▸ WHAT YOU WILL DO
Across all the entries below, how many lines mention the string "Femme"? Respond with a single number.

Extracted records
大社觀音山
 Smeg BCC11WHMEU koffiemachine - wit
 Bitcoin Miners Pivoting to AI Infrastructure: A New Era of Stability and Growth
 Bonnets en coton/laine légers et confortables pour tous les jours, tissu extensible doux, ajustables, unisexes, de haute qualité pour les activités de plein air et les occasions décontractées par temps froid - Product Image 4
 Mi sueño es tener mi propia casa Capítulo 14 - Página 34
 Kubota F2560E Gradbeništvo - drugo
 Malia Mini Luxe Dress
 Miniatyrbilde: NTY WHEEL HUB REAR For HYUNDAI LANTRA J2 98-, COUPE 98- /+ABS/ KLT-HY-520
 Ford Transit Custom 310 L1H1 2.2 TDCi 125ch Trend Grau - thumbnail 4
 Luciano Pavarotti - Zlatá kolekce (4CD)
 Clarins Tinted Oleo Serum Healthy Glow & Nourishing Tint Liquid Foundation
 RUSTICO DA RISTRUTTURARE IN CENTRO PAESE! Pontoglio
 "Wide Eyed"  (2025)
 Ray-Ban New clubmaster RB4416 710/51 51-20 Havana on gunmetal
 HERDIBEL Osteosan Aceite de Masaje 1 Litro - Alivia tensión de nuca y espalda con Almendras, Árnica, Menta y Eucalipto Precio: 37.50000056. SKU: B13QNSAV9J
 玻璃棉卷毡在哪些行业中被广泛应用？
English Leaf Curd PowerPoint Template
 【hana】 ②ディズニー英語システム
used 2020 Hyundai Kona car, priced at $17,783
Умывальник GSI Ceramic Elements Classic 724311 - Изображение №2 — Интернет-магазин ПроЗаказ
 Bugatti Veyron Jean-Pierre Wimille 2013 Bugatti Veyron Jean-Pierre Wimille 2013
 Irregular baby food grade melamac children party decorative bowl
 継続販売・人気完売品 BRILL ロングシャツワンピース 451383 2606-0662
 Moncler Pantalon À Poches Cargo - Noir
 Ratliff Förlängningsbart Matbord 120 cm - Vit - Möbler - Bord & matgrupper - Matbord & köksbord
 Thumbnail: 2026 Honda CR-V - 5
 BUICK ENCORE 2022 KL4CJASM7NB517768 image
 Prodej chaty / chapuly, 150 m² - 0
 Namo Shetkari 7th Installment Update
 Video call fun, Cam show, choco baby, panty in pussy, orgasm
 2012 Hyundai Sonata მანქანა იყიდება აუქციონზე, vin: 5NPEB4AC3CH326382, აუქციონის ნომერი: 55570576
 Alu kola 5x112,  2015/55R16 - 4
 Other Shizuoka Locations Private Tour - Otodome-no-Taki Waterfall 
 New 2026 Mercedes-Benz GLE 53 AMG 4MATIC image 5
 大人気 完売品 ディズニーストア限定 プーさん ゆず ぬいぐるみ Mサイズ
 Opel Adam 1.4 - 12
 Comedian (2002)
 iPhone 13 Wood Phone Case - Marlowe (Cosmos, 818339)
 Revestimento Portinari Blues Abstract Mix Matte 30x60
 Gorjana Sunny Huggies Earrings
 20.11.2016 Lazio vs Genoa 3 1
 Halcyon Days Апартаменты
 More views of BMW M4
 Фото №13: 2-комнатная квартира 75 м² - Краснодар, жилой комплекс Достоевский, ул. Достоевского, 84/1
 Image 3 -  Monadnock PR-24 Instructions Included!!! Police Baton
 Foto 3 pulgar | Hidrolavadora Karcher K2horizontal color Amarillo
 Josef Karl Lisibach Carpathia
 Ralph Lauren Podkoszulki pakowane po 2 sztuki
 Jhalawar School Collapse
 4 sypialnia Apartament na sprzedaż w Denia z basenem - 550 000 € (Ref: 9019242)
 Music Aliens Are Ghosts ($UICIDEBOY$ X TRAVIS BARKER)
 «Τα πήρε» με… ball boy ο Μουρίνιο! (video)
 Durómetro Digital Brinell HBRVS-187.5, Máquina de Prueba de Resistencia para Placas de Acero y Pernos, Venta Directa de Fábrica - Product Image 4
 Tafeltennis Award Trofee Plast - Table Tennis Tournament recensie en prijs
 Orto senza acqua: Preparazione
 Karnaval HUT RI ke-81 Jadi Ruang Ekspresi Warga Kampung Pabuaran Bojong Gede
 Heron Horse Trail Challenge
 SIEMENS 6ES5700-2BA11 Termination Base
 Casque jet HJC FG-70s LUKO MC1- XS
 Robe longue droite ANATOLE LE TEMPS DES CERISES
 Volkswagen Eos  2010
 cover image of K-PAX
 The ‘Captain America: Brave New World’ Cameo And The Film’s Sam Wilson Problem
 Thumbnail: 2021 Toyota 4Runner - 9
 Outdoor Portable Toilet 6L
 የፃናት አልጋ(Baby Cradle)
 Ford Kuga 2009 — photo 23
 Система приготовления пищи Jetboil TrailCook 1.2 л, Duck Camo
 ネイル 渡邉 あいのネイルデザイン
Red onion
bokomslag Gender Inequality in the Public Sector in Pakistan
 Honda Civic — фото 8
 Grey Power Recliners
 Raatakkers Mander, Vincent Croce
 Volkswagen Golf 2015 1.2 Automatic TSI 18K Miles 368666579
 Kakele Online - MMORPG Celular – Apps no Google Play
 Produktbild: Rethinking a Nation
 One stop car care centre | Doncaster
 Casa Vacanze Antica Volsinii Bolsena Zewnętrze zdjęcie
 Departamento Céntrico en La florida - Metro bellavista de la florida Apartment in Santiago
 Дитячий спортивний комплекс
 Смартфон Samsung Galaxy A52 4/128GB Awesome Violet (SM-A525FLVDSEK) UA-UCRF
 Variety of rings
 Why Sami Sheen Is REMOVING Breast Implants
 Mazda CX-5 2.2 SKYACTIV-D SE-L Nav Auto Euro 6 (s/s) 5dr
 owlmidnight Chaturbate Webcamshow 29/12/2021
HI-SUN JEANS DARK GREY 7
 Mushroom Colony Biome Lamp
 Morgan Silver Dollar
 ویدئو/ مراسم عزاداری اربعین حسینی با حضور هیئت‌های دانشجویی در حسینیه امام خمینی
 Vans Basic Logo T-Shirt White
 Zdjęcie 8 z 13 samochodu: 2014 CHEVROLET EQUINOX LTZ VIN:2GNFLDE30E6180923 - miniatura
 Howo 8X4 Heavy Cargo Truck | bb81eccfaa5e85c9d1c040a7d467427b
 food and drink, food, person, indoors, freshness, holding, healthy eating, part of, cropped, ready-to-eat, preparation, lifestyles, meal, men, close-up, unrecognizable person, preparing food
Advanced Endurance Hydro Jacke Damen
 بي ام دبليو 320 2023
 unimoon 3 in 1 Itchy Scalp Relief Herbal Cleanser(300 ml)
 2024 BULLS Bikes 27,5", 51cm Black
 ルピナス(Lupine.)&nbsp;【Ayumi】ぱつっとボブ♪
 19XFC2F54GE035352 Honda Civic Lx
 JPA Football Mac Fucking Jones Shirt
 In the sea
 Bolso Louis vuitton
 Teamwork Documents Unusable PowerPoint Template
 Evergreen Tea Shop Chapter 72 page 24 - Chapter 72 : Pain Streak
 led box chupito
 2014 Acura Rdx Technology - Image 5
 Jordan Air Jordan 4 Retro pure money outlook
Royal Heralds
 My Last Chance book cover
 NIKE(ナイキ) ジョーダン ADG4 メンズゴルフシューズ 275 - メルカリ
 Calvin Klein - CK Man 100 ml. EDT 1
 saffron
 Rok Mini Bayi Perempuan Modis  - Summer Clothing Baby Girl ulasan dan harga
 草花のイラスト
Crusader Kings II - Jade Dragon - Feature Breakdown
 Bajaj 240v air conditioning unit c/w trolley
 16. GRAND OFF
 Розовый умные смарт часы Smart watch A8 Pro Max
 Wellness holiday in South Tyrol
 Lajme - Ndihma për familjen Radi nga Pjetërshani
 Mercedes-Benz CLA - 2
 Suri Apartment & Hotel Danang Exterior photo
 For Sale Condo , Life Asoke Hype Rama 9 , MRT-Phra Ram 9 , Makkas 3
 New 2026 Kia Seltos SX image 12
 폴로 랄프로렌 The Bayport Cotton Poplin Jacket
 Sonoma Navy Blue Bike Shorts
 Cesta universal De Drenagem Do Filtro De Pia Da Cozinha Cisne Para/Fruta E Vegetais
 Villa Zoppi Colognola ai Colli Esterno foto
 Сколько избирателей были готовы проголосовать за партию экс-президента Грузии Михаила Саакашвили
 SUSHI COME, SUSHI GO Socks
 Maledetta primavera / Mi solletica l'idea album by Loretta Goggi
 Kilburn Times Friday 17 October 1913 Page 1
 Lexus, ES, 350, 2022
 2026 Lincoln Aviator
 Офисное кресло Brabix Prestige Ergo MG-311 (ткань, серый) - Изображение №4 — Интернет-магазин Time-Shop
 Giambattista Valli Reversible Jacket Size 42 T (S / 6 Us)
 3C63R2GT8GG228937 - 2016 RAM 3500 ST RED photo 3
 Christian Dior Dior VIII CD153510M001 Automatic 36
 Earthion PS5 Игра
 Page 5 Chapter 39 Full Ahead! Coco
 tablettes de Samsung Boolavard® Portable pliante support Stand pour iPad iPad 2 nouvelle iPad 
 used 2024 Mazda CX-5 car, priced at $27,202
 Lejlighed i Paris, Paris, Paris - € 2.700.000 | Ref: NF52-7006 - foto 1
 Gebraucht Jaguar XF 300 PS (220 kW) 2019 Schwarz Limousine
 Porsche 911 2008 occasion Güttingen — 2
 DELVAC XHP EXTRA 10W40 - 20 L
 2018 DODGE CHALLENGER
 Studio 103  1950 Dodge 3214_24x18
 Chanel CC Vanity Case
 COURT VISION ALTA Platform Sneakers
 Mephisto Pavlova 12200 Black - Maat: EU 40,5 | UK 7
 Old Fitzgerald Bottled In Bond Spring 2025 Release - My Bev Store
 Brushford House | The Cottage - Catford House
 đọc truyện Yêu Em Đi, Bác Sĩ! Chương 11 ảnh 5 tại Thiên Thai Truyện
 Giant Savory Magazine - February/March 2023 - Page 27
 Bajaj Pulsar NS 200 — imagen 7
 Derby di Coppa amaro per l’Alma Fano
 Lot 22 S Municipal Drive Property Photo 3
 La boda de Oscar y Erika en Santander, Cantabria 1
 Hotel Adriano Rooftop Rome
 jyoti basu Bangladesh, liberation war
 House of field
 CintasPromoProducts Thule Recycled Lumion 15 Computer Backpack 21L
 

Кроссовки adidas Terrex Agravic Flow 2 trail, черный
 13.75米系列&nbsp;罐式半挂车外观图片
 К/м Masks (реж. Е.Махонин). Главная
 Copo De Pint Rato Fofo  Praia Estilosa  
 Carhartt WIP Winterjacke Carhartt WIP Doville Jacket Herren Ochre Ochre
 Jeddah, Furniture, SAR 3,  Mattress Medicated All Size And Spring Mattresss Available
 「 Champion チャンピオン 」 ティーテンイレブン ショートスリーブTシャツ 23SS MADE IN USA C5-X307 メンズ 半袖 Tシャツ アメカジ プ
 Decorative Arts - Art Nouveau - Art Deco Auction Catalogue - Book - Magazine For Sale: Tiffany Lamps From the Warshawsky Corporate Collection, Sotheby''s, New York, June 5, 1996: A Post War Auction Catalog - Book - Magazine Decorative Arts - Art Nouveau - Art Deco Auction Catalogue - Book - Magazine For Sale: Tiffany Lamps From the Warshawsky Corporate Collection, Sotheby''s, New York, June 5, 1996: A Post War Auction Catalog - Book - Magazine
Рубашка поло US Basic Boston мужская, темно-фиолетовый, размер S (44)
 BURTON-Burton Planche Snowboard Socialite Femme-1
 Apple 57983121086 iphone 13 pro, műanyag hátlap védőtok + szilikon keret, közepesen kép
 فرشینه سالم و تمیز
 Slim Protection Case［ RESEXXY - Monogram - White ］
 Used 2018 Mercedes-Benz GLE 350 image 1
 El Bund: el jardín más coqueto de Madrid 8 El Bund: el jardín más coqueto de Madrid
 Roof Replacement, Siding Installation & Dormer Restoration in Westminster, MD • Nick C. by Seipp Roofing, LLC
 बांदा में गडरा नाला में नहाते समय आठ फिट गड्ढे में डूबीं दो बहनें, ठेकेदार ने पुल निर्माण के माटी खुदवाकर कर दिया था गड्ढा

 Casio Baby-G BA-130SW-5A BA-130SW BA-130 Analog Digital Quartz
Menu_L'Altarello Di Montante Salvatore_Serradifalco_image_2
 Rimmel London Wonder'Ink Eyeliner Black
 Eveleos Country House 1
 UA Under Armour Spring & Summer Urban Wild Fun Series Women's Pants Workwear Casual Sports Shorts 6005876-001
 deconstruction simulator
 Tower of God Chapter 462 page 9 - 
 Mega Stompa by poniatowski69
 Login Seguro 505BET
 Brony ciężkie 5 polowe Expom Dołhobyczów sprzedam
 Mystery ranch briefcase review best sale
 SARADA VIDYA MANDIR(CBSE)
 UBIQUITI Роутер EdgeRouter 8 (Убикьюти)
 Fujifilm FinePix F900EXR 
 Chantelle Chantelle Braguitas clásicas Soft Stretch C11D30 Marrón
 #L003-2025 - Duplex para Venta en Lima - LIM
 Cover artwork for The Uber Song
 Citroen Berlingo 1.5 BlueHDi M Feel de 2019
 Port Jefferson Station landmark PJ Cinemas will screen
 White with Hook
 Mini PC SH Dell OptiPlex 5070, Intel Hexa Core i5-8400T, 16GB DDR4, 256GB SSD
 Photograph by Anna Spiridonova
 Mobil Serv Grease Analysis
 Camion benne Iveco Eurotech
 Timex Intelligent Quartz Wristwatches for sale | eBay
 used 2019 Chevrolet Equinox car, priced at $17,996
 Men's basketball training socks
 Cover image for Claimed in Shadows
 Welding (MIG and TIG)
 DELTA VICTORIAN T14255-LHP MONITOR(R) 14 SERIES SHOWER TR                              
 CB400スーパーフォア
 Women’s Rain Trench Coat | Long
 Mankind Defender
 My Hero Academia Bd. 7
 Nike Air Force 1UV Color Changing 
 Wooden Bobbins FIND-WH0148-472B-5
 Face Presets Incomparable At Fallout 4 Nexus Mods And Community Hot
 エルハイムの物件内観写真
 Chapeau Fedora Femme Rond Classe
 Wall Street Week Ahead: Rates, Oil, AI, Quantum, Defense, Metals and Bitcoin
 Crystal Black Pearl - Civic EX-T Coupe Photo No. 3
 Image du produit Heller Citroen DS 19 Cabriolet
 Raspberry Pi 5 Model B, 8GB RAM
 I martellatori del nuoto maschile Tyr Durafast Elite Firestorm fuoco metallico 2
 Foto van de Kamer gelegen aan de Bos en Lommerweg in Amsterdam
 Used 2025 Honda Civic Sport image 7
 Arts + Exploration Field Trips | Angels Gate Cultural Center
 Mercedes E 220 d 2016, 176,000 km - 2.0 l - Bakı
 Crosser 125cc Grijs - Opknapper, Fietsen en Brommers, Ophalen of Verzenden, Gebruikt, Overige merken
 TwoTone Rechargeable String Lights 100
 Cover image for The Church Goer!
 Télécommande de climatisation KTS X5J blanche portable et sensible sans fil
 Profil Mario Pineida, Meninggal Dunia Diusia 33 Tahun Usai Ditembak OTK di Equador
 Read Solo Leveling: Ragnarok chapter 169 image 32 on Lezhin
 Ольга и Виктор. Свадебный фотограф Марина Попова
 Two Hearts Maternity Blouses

▸ RESPONSE FOR THIS EXERCISE
2